● Problem description: For this exercise, return all the data exactly as it stands.

● The input:
○ ○ ○ ○ ○

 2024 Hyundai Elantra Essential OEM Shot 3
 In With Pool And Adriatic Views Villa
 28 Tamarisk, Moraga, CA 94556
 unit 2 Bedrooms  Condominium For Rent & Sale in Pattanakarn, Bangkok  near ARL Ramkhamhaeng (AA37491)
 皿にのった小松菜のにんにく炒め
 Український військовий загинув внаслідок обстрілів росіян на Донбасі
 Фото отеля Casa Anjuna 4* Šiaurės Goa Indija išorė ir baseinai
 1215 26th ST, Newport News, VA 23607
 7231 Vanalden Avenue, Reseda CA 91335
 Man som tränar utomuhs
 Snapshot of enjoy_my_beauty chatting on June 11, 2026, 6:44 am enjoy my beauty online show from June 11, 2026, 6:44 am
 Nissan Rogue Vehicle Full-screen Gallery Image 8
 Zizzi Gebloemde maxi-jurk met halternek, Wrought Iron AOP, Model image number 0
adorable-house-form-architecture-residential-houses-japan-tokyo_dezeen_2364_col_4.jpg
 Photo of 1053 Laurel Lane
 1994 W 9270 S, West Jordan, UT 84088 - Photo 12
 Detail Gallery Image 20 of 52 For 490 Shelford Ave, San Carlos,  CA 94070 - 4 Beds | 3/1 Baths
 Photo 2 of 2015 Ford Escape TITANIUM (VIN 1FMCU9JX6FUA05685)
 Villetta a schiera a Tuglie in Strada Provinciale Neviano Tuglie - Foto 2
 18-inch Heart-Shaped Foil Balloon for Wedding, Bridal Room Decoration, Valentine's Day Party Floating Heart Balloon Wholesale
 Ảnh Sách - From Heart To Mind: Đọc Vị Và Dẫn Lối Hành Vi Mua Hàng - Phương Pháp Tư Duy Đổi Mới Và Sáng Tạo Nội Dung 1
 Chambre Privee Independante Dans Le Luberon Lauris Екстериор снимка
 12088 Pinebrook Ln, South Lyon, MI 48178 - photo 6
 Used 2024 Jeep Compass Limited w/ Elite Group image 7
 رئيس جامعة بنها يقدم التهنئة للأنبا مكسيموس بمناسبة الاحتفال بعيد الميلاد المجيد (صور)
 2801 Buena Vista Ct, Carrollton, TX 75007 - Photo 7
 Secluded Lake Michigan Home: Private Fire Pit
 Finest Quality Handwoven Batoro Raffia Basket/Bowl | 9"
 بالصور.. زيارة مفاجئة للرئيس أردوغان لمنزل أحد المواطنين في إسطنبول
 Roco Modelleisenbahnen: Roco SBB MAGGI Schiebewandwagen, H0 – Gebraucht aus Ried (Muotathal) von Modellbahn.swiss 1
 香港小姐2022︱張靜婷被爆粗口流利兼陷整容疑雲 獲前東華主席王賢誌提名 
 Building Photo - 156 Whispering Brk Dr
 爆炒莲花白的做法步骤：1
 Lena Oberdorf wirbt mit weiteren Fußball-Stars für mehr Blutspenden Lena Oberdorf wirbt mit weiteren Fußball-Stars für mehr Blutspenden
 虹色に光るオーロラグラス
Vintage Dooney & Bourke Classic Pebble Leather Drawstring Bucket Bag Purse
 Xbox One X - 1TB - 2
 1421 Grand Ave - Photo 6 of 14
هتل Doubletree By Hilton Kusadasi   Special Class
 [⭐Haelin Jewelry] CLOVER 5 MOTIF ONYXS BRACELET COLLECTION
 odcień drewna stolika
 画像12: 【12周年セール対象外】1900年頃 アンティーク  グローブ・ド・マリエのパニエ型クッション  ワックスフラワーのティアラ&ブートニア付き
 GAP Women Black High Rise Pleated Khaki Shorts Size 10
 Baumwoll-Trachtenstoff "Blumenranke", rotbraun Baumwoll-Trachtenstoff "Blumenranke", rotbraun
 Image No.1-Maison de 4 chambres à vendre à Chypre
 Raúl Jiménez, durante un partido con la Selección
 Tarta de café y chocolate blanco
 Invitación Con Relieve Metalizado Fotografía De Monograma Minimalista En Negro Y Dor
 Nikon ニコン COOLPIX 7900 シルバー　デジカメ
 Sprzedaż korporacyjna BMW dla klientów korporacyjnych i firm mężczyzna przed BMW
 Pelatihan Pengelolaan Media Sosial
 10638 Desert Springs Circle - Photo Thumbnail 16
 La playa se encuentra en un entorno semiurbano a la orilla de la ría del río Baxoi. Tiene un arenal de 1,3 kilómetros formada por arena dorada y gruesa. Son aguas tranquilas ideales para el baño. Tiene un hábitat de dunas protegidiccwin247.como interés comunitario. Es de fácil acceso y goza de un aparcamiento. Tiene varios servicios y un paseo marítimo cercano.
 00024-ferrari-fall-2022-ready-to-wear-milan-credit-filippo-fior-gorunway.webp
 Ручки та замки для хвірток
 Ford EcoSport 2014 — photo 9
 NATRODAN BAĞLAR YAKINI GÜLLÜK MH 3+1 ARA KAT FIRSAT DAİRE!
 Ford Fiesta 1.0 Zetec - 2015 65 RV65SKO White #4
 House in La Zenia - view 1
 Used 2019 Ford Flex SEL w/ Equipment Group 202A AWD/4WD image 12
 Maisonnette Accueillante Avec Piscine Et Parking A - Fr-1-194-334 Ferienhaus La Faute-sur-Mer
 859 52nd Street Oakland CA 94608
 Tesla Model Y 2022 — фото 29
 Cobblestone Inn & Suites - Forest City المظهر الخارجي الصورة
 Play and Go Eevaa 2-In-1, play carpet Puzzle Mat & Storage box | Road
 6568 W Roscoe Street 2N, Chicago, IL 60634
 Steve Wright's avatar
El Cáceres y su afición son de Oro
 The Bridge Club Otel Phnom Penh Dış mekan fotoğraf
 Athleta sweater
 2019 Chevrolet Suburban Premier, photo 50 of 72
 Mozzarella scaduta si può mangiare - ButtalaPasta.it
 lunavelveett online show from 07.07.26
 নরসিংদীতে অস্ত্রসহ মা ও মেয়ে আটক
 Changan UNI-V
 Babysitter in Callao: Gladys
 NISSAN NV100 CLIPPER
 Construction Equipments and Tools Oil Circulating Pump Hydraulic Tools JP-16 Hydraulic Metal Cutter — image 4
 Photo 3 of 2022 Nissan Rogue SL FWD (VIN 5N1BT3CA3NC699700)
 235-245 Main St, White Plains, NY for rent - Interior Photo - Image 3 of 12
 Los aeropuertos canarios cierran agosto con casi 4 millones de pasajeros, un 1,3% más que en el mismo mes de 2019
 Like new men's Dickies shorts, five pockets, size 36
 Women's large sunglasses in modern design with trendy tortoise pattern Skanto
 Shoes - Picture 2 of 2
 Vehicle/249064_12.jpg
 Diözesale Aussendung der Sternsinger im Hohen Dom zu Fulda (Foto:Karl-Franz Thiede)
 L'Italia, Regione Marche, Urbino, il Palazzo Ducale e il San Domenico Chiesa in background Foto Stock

○ ○ ○ ○ ○

● Answer box:
 2024 Hyundai Elantra Essential OEM Shot 3
 In With Pool And Adriatic Views Villa
 28 Tamarisk, Moraga, CA 94556
 unit 2 Bedrooms  Condominium For Rent & Sale in Pattanakarn, Bangkok  near ARL Ramkhamhaeng (AA37491)
 皿にのった小松菜のにんにく炒め
 Український військовий загинув внаслідок обстрілів росіян на Донбасі
 Фото отеля Casa Anjuna 4* Šiaurės Goa Indija išorė ir baseinai
 1215 26th ST, Newport News, VA 23607
 7231 Vanalden Avenue, Reseda CA 91335
 Man som tränar utomuhs
 Snapshot of enjoy_my_beauty chatting on June 11, 2026, 6:44 am enjoy my beauty online show from June 11, 2026, 6:44 am
 Nissan Rogue Vehicle Full-screen Gallery Image 8
 Zizzi Gebloemde maxi-jurk met halternek, Wrought Iron AOP, Model image number 0
adorable-house-form-architecture-residential-houses-japan-tokyo_dezeen_2364_col_4.jpg
 Photo of 1053 Laurel Lane
 1994 W 9270 S, West Jordan, UT 84088 - Photo 12
 Detail Gallery Image 20 of 52 For 490 Shelford Ave, San Carlos,  CA 94070 - 4 Beds | 3/1 Baths
 Photo 2 of 2015 Ford Escape TITANIUM (VIN 1FMCU9JX6FUA05685)
 Villetta a schiera a Tuglie in Strada Provinciale Neviano Tuglie - Foto 2
 18-inch Heart-Shaped Foil Balloon for Wedding, Bridal Room Decoration, Valentine's Day Party Floating Heart Balloon Wholesale
 Ảnh Sách - From Heart To Mind: Đọc Vị Và Dẫn Lối Hành Vi Mua Hàng - Phương Pháp Tư Duy Đổi Mới Và Sáng Tạo Nội Dung 1
 Chambre Privee Independante Dans Le Luberon Lauris Екстериор снимка
 12088 Pinebrook Ln, South Lyon, MI 48178 - photo 6
 Used 2024 Jeep Compass Limited w/ Elite Group image 7
 رئيس جامعة بنها يقدم التهنئة للأنبا مكسيموس بمناسبة الاحتفال بعيد الميلاد المجيد (صور)
 2801 Buena Vista Ct, Carrollton, TX 75007 - Photo 7
 Secluded Lake Michigan Home: Private Fire Pit
 Finest Quality Handwoven Batoro Raffia Basket/Bowl | 9"
 بالصور.. زيارة مفاجئة للرئيس أردوغان لمنزل أحد المواطنين في إسطنبول
 Roco Modelleisenbahnen: Roco SBB MAGGI Schiebewandwagen, H0 – Gebraucht aus Ried (Muotathal) von Modellbahn.swiss 1
 香港小姐2022︱張靜婷被爆粗口流利兼陷整容疑雲 獲前東華主席王賢誌提名 
 Building Photo - 156 Whispering Brk Dr
 爆炒莲花白的做法步骤：1
 Lena Oberdorf wirbt mit weiteren Fußball-Stars für mehr Blutspenden Lena Oberdorf wirbt mit weiteren Fußball-Stars für mehr Blutspenden
 虹色に光るオーロラグラス
Vintage Dooney & Bourke Classic Pebble Leather Drawstring Bucket Bag Purse
 Xbox One X - 1TB - 2
 1421 Grand Ave - Photo 6 of 14
هتل Doubletree By Hilton Kusadasi   Special Class
 [⭐Haelin Jewelry] CLOVER 5 MOTIF ONYXS BRACELET COLLECTION
 odcień drewna stolika
 画像12: 【12周年セール対象外】1900年頃 アンティーク  グローブ・ド・マリエのパニエ型クッション  ワックスフラワーのティアラ&ブートニア付き
 GAP Women Black High Rise Pleated Khaki Shorts Size 10
 Baumwoll-Trachtenstoff "Blumenranke", rotbraun Baumwoll-Trachtenstoff "Blumenranke", rotbraun
 Image No.1-Maison de 4 chambres à vendre à Chypre
 Raúl Jiménez, durante un partido con la Selección
 Tarta de café y chocolate blanco
 Invitación Con Relieve Metalizado Fotografía De Monograma Minimalista En Negro Y Dor
 Nikon ニコン COOLPIX 7900 シルバー　デジカメ
 Sprzedaż korporacyjna BMW dla klientów korporacyjnych i firm mężczyzna przed BMW
 Pelatihan Pengelolaan Media Sosial
 10638 Desert Springs Circle - Photo Thumbnail 16
 La playa se encuentra en un entorno semiurbano a la orilla de la ría del río Baxoi. Tiene un arenal de 1,3 kilómetros formada por arena dorada y gruesa. Son aguas tranquilas ideales para el baño. Tiene un hábitat de dunas protegidiccwin247.como interés comunitario. Es de fácil acceso y goza de un aparcamiento. Tiene varios servicios y un paseo marítimo cercano.
 00024-ferrari-fall-2022-ready-to-wear-milan-credit-filippo-fior-gorunway.webp
 Ручки та замки для хвірток
 Ford EcoSport 2014 — photo 9
 NATRODAN BAĞLAR YAKINI GÜLLÜK MH 3+1 ARA KAT FIRSAT DAİRE!
 Ford Fiesta 1.0 Zetec - 2015 65 RV65SKO White #4
 House in La Zenia - view 1
 Used 2019 Ford Flex SEL w/ Equipment Group 202A AWD/4WD image 12
 Maisonnette Accueillante Avec Piscine Et Parking A - Fr-1-194-334 Ferienhaus La Faute-sur-Mer
 859 52nd Street Oakland CA 94608
 Tesla Model Y 2022 — фото 29
 Cobblestone Inn & Suites - Forest City المظهر الخارجي الصورة
 Play and Go Eevaa 2-In-1, play carpet Puzzle Mat & Storage box | Road
 6568 W Roscoe Street 2N, Chicago, IL 60634
 Steve Wright's avatar
El Cáceres y su afición son de Oro
 The Bridge Club Otel Phnom Penh Dış mekan fotoğraf
 Athleta sweater
 2019 Chevrolet Suburban Premier, photo 50 of 72
 Mozzarella scaduta si può mangiare - ButtalaPasta.it
 lunavelveett online show from 07.07.26
 নরসিংদীতে অস্ত্রসহ মা ও মেয়ে আটক
 Changan UNI-V
 Babysitter in Callao: Gladys
 NISSAN NV100 CLIPPER
 Construction Equipments and Tools Oil Circulating Pump Hydraulic Tools JP-16 Hydraulic Metal Cutter — image 4
 Photo 3 of 2022 Nissan Rogue SL FWD (VIN 5N1BT3CA3NC699700)
 235-245 Main St, White Plains, NY for rent - Interior Photo - Image 3 of 12
 Los aeropuertos canarios cierran agosto con casi 4 millones de pasajeros, un 1,3% más que en el mismo mes de 2019
 Like new men's Dickies shorts, five pockets, size 36
 Women's large sunglasses in modern design with trendy tortoise pattern Skanto
 Shoes - Picture 2 of 2
 Vehicle/249064_12.jpg
 Diözesale Aussendung der Sternsinger im Hohen Dom zu Fulda (Foto:Karl-Franz Thiede)
 L'Italia, Regione Marche, Urbino, il Palazzo Ducale e il San Domenico Chiesa in background Foto Stock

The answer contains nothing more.